Shared ground
Hebrews 1:10–12 continues the chain of Scripture quotes used to argue that the Son is greater than angels. In this quote, someone addressed as “Lord” is credited with making the earth “in the beginning” and forming the heavens “by your hands.” Creation is therefore treated as made work, not something eternal in itself.
The passage then draws a sharp contrast: earth and heavens “will perish,” “grow old like a garment,” be “rolled up,” and “be changed.” But the addressed Lord “continues,” is “the same,” and his “years will not fail.” The main point is durability: creation changes; the Lord does not.

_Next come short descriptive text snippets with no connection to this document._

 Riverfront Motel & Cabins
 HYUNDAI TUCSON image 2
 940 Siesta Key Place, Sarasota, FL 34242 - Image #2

Where interpretation differs
Who is being called “Lord” here in Hebrews’ argument. Many readers take the quotation, in its new setting, as spoken about the Son, since Hebrews introduces this section as what God “says” concerning the Son and uses the chain to elevate him above angels. Others argue that the original psalm language addressed God and that Hebrews is borrowing it to describe God’s permanence, even if it sits near statements about the Son.
What “they will perish” means. Some understand it as the cosmos being destroyed and replaced by a wholly new created order. Others think “perish” is the strong side of a picture whose overall emphasis is transformation: like clothing that is rolled up and exchanged, the same creation is changed into a renewed state.
Why the disagreement exists
The quotation language comes from an earlier Scripture setting where “Lord” has an established reference, but Hebrews places it inside a new argument about the Son. That creates a real question of reference (“Lord” as the Son, or “Lord” as God more generally).
Also, the imagery mixes terms that can sound final (“perish”) with a metaphor about replacement and alteration (“garment,” “roll them up,” “they will be changed”). Readers weigh those signals differently when deciding whether the focus is annihilation, renewal, or both.
What this passage clearly contributes
Explicitly, it claims (1) the one addressed as “Lord” is creator of earth and heavens, (2) creation is not permanent but will age and undergo decisive change, and (3) the Lord’s identity and life do not fade—he “continues,” is “the same,” and his “years will not fail.”
As a theological inference, the passage supports Hebrews’ larger case that the Son’s status is not that of a temporary servant within creation but of one whose permanence stands over creation’s lifespan (cf. the larger flow in Hebrews 1:4–14).